▶ [Goal of the exercise]: Repeat the first line of the listing and each line after it, exactly, through the line containing "Microwavable Brow Styling".

▶ [Extracted records]:
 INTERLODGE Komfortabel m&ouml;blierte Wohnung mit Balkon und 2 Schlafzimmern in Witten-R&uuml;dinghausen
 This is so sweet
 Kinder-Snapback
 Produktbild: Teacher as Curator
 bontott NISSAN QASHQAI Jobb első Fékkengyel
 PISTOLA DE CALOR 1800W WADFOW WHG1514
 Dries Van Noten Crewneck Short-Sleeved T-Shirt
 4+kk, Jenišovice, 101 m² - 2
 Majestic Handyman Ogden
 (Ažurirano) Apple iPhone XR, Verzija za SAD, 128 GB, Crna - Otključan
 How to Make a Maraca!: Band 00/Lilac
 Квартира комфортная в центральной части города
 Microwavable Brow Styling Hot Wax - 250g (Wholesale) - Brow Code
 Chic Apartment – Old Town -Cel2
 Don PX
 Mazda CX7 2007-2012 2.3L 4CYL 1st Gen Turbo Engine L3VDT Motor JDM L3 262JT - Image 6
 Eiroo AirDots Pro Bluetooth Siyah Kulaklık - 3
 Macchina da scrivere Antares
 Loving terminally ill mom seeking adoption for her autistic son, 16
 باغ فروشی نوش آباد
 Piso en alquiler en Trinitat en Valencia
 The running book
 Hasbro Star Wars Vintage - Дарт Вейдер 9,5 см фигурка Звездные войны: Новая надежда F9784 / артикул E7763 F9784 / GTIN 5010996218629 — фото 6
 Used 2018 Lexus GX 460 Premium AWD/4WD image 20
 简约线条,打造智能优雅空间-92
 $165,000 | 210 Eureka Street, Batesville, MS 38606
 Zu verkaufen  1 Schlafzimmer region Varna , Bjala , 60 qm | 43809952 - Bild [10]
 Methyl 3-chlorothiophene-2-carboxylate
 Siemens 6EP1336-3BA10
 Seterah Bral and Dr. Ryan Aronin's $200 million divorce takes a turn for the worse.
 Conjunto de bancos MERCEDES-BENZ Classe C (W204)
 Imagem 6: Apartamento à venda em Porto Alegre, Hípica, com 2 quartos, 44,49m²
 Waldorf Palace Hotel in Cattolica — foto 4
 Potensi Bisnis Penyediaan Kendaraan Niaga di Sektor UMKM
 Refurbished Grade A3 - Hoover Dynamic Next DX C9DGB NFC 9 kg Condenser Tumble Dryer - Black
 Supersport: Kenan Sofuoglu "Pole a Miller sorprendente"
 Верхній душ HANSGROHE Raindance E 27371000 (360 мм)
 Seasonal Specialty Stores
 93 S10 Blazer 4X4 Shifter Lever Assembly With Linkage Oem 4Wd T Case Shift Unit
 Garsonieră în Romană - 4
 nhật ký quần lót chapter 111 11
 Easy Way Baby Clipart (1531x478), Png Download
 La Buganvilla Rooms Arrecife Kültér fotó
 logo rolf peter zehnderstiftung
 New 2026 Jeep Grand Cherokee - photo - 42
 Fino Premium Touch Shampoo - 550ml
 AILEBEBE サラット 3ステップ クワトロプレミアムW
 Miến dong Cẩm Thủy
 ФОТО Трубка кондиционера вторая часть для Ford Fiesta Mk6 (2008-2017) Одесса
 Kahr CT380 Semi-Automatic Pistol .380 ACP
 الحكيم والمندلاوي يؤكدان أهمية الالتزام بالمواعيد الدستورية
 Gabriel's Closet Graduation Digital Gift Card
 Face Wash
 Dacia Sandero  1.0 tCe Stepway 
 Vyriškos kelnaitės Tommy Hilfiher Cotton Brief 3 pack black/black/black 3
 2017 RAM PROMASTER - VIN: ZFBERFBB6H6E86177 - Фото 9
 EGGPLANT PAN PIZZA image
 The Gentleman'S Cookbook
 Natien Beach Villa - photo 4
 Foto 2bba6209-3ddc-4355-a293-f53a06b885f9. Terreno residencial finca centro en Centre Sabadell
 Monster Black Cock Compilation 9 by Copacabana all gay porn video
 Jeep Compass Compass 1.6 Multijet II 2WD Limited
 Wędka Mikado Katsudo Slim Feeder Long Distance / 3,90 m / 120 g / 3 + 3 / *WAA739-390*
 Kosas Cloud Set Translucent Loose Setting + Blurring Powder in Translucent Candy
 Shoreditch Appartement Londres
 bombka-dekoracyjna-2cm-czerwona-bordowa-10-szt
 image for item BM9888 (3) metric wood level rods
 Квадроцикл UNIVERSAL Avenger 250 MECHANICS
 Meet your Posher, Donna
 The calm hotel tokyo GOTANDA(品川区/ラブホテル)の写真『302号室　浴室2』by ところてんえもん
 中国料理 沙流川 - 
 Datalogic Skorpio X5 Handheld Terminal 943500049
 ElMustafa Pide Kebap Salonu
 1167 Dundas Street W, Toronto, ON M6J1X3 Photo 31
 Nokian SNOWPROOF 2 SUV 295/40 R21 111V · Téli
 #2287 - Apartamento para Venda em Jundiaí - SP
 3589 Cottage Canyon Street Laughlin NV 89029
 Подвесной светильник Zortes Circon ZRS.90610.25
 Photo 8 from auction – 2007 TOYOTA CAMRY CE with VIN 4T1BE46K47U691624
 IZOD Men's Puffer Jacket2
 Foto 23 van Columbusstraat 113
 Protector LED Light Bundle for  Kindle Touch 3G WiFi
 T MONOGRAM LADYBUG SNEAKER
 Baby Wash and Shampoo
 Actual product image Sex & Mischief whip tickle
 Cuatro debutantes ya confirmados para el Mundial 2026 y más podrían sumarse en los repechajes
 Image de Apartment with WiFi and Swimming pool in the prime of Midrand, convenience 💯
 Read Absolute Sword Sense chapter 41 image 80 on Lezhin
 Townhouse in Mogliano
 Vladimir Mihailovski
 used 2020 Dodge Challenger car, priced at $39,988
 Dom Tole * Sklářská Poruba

▶ [Solution to the exercise]:
 INTERLODGE Komfortabel m&ouml;blierte Wohnung mit Balkon und 2 Schlafzimmern in Witten-R&uuml;dinghausen
 This is so sweet
 Kinder-Snapback
 Produktbild: Teacher as Curator
 bontott NISSAN QASHQAI Jobb első Fékkengyel
 PISTOLA DE CALOR 1800W WADFOW WHG1514
 Dries Van Noten Crewneck Short-Sleeved T-Shirt
 4+kk, Jenišovice, 101 m² - 2
 Majestic Handyman Ogden
 (Ažurirano) Apple iPhone XR, Verzija za SAD, 128 GB, Crna - Otključan
 How to Make a Maraca!: Band 00/Lilac
 Квартира комфортная в центральной части города
 Microwavable Brow Styling Hot Wax - 250g (Wholesale) - Brow Code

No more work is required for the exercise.